首先创建的文件夹，先定义一个创建文件夹的函数：

def makdir(path):
    try:
        isExists = os.path.exists(path)
        #判断是否存在文件夹
        if not isExists:
            #不存在创建
            os.makedirs(path)
            print(path+'文件夹创建成功！')
        else:
            print(path+'文件夹已存在！')
    except Exception as e:
        print(e)

爬取图片并保存图片函数

def pic_download(paths,url):
    # 请求头池
    headers = {
        
        'user-agent':"Mozilla/5.0 (X11; U; Linux x86_64; zh-CN; rv:1.9.2.10) Gecko/20100922 Ubuntu/10.10 (maverick) Firefox/3.6.10"
    }
    
    web = requests.get(url, headers=headers).content.decode()
    # print(web.encoding)
    data = etree.HTML(web)
    lists = data.xpath('//div[@class="text_left text_lefts"]/div[@id="container"]/div')
    for lis in lists:
        new_url = 'https:' + lis.xpath('./p/a/@href')[0]
        name = lis.xpath('./p/a/@alt')[0]
        #创建相应文件夹
        makdir(paths+'/' + name)
        new_web = requests.get(new_url, headers=headers).content.decode()
        new_data = etree.HTML(new_web)
        finall_url = 'https:' + new_data.xpath('//div[@class="imga"]/a/@href')[0]
        #以二进制的方式写入图片
        try:
            r = requests.get(finall_url, headers=headers).content
            with open(paths+'/' + name+'/'+name+'.jpg','wb') as f:
                f.write(r)
                print('%s 下载成功' % (name))
                time.sleep(0.5)
        except Exception:
            print('%s下载失败' % (name))
            time.sleep(0.5)

调用函数

if __name__ == '__main__':
    path = 'D:/爬虫下载'
    #爬取第5页到第7页的数据
    for i in range(5,8):
        print('==========开始第{}页的爬取=========='.format(i))
        url = 'https://sc.chinaz.com/tupian/renwutupian_{}.html'.format(i)
        pic_download(path+'/' + str(i),url)
        print('----------完成第{}页的爬取----------'.format(i))
        time.sleep(1)

完整代码：

from lxml import etree
import time
import requests
import os

#创建文件夹
def makdir(path):
    try:
        isExists = os.path.exists(path)
        #判断是否存在文件夹
        if not isExists:
            #不存在创建
            os.makedirs(path)
            print(path+'文件夹创建成功！

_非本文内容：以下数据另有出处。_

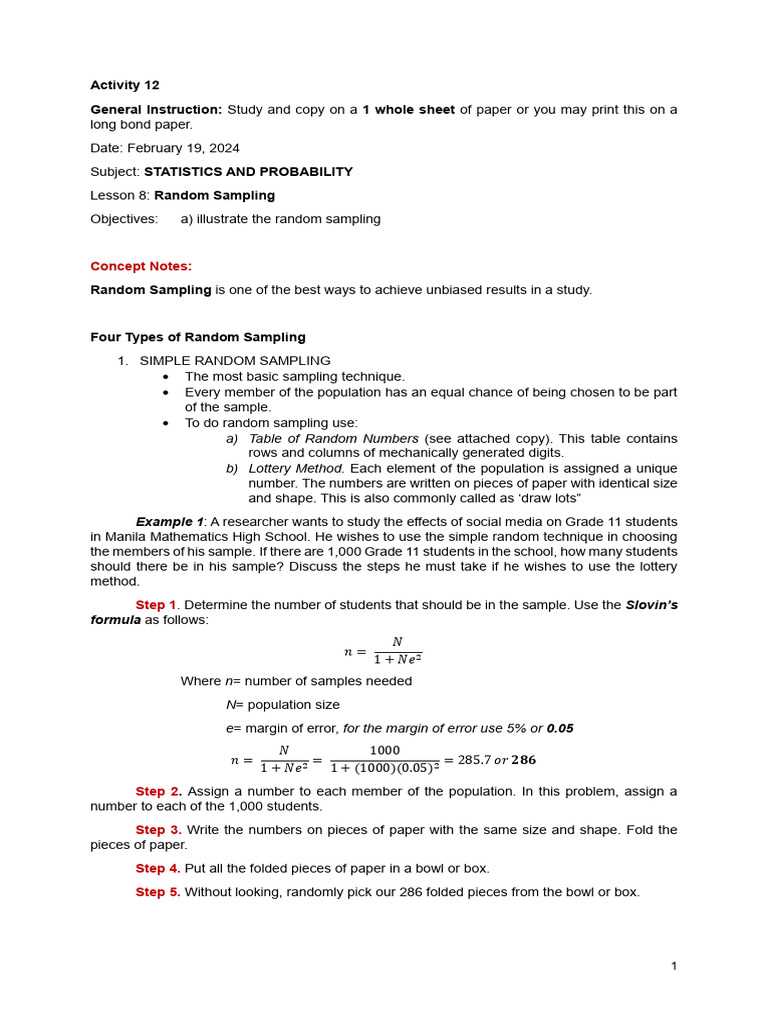 lesson 26 understand random samples answer key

')
        else:
            print(path+'文件夹已存在！')
    except Exception as e:
        print(e)


#获取图片
def pic_download(paths,url):
    # 请求头池
    headers = {
        
        'user-agent':"Mozilla/5.0 (X11; U; Linux x86_64; zh-CN; rv:1.9.2.10) Gecko/20100922 Ubuntu/10.10 (maverick) Firefox/3.6.10"
    }
    
    web = requests.get(url, headers=headers).content.decode()
    # print(web.encoding)
    data = etree.HTML(web)
    lists = data.xpath('//div[@class="text_left text_lefts"]/div[@id="container"]/div')
    for lis in lists:
        new_url = 'https:' + lis.xpath('./p/a/@href')[0]
        name = lis.xpath('./p/a/@alt')[0]
        #创建相应文件夹
        makdir(paths+'/' + name)
        new_web = requests.get(new_url, headers=headers).content.decode()
        new_data = etree.HTML(new_web)
        finall_url = 'https:' + new_data.xpath('//div[@class="imga"]/a/@href')[0]
        #以二进制的方式写入图片
        try:
            r = requests.get(finall_url, headers=headers).content
            with open(paths+'/' + name+'/'+name+'.jpg','wb') as f:
                f.write(r)
                print('%s 下载成功' % (name))
                time.sleep(0.5)
        except Exception:
            print('%s下载失败' % (name))
            time.sleep(0.5)
    #     #print(name)

if __name__ == '__main__':
    path = 'D:/爬虫下载'
    #爬取第5页到第7页的数据
    for i in range(5,6):
        print('==========开始第{}页的爬取=========='.format(i))
        url = 'https://sc.chinaz.com/tupian/renwutupian_{}.html'.format(i)
        pic_download(path+'/' + str(i),url)
        print('----------完成第{}页的爬取----------'.format(i))
        time.sleep(1)